MM, JS, MD, JL, AW No competing interests declared

Figures

**Figure 1.. The temperature sensitive proteins sam35-2HA^ts and sen2-1HA^ts are novel thermosensitive substrates for mitochondrial quality control.**
(A) Spot growth assay of cells expressing chromosomal SAM35HA, sam35-2HA^ts, SEN2HA, or sen2-1HA^ts (yMM36, 37, 40, and 41, respectively) at permissive (25°) or non-permissive (37°) temperatures. (B) Wild type (WT; WCG4a) yeast were treated with cycloheximide (CHX) at 25°C or 37°C and analyzed at the indicated times to assess the degradation of centromeric (CEN) plasmid-expressed SAM35HA, sam35-2HA^ts, SEN2HA, or sen2-1HA^ts (pMM158, 157, 159, 160, respectively). The ts- proteins were detected by immunoblotting with HA antibody. Phosphoglycerate kinase (PGK) served as a protein loading control. Graphed below is the mean and standard deviation (SD) of the PGK-normalized HA signal at each time point for three biological replicates. (C) Live-cell microscopy analysis of agarose-embedded WT cells (WCG4a) co-expressing a mitochondrial-matrix targeted RFP (mtRFP; pMD12) and either sam35-2GFP^ts (pMD1) or sen2-1GFP^ts (pMD4) at the indicated times after temperature shift to 37°C. CHX was also added at 0 min, although CHX diffusion through agarose is likely problematic. ‘Merge’ of GFP (green) and RFP (magenta) channels and differential interference contrast (DIC) are shown; Scale bar = 10 μm. (D) Lysates of spheroplasted yeast from the strains used in B were fractionated at 12,000xg at 37°C into mitochondrial pellet (P) and post-mitochondrial supernatant (S). Fractions were subject to immunoblotting with antibodies to HA, PGK (cytosolic protein control), and PORIN (mitochondrial protein control).

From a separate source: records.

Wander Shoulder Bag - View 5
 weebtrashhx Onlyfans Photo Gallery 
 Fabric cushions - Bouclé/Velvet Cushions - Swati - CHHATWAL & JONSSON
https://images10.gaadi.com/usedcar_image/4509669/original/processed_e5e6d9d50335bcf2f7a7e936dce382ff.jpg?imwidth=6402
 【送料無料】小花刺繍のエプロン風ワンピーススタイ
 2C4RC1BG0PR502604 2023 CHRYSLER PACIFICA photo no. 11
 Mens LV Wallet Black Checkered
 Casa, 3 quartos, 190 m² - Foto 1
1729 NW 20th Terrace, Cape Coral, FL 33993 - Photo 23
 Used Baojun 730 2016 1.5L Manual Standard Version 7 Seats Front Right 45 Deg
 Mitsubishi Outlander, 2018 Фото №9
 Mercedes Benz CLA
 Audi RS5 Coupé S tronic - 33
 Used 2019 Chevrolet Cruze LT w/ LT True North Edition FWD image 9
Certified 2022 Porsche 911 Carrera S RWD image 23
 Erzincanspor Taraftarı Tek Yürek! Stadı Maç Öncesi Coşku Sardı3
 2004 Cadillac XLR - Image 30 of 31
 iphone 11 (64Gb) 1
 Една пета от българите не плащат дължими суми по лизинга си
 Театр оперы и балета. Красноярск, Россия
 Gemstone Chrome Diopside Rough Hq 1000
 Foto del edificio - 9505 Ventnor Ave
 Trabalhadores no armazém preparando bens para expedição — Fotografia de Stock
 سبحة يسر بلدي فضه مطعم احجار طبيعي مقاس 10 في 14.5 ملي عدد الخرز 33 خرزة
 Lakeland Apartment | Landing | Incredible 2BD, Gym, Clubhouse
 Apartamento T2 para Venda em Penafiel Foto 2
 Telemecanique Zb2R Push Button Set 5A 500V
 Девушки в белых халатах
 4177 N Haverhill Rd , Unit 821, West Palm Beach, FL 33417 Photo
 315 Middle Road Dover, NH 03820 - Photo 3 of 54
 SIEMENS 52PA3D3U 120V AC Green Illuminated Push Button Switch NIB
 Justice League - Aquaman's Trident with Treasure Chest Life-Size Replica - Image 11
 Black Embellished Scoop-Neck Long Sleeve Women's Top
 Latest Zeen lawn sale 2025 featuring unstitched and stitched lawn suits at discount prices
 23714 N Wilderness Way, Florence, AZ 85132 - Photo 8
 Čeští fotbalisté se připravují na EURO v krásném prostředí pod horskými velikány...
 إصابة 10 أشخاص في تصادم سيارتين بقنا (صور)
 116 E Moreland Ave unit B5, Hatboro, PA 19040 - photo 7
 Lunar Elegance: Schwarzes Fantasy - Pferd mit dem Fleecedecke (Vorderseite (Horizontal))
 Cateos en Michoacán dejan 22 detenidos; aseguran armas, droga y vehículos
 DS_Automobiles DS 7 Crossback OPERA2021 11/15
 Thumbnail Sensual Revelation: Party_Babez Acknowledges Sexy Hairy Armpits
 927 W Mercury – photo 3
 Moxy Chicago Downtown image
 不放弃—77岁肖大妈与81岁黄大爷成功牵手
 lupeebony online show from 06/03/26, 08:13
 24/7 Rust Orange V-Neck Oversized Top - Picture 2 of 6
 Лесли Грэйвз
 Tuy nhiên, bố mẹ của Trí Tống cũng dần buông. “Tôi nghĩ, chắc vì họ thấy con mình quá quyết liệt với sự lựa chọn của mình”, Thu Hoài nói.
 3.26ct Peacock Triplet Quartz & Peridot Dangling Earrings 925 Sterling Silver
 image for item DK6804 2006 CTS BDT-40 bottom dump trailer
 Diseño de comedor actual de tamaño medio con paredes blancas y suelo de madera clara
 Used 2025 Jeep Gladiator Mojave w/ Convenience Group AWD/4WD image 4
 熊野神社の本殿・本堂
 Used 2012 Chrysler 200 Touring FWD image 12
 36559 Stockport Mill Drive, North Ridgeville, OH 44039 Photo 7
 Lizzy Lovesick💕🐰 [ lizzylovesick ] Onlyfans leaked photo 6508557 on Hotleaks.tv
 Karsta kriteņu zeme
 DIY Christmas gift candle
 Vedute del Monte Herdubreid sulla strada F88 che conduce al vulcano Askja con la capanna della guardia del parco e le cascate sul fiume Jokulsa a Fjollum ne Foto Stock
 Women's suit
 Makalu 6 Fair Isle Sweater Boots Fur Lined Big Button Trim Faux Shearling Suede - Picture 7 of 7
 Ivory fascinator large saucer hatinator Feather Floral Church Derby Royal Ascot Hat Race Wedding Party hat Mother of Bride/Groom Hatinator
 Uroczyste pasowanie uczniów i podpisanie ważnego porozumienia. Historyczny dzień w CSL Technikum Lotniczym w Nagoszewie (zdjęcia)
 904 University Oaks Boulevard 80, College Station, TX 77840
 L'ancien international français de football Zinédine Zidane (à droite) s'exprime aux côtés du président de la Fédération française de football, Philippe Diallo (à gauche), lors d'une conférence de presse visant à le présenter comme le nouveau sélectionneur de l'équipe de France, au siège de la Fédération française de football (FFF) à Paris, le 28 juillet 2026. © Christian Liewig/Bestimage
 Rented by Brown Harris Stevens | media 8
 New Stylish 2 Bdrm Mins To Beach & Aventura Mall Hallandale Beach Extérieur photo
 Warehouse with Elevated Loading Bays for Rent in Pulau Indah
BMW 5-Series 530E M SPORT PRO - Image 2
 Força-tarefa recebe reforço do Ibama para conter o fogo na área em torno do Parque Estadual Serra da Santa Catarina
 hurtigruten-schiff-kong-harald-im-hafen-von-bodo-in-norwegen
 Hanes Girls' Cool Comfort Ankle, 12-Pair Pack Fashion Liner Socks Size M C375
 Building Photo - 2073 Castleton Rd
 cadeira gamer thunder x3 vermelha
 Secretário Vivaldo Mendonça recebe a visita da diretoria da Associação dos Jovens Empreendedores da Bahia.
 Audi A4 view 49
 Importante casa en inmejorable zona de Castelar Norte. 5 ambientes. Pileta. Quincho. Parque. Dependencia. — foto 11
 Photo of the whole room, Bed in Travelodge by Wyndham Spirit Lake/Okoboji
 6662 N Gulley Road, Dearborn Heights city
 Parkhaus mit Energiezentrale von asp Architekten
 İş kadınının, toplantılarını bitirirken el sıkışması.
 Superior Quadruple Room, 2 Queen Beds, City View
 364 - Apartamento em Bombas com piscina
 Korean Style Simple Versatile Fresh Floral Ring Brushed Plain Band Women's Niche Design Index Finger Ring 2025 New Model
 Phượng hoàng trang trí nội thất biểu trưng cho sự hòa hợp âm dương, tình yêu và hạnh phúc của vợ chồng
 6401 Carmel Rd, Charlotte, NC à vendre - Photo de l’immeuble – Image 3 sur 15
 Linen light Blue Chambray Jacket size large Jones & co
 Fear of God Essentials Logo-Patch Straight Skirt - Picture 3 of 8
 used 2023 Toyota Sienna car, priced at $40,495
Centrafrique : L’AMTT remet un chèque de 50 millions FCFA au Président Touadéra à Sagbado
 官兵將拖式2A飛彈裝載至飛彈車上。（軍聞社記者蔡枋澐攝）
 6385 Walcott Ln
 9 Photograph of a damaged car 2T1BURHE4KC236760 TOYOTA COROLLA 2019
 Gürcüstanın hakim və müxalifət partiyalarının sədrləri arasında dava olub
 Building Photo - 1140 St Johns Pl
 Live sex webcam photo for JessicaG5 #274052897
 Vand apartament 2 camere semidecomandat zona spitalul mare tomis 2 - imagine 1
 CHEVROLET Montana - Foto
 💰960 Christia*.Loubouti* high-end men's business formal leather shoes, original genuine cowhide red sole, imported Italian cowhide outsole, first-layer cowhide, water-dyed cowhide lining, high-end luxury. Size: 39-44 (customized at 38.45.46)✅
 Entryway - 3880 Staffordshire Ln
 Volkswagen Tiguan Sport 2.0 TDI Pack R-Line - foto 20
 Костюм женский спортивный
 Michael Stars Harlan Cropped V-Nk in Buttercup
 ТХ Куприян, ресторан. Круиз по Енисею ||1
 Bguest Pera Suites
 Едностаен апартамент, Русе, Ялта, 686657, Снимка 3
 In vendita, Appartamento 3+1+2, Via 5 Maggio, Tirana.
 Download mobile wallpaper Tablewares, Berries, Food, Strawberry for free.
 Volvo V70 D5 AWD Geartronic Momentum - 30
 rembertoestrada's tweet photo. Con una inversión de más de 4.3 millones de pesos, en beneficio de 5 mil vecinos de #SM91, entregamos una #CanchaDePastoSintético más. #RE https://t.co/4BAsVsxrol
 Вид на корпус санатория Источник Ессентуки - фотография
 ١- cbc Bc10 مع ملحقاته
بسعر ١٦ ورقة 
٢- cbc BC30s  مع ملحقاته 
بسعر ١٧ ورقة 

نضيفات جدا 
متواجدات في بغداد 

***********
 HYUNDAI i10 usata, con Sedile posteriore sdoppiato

**Figure 2.. The degradation of MAD QC substrates requires the ubiquitin-proteasome system.**
(**A, B**) CHX chase for the indicated times at 37°C assessing the turnover of sam35-2HA^ts or sen2-1HA^ts (pMM157 or 160, respectively) in WT (WCG4a) and *pre1-1 pre2-2* proteasome mutant (WCG4-11/21a) cells (A) or WT (CIM) and *cim3-1* proteasome mutant cells (B). Proteins were detected by immunoblotting. Graphed below is the mean and SD of the PGK-normalized HA signal at each time point for three biological replicates. (C) Lysates from the strains used in A were fractionated at 12,000xg into mitochondrial pellets (P) and post-mitochondrial supernatants (S) after incubation at 37°C for the indicated times. Fractions were subject to immunoblotting with antibodies to HA, PGK, and PORIN. (D) CHX chase for the indicated times at 37°C assessing the turnover of sam35-2HA^ts or sen2-1HA^ts (pMM157 or 160, respectively) in a *uba1-204* strain relative to its isogenic WT strain. (E) Ubiquitination of sam35-2HA^ts and sen2-1HA^ts was assessed by immunoprecipitation (IP) from lysates of the strains used in A with anti-HA agarose, followed by immunoblotting with ubiquitin antibodies. 1% of IP input lysate was reserved and also analyzed by immunoblotting. (F) Ubiquitination of sam35-2HA^ts and sen2-1HA^ts was assessed by IP from lysates of the strains used in A using tandem ubiquitin-binding entities (TUBE) agarose, followed by immunoblotting with HA antibody. 2.5% of the TUBE input lysate was reserved and analyzed by immunoblotting.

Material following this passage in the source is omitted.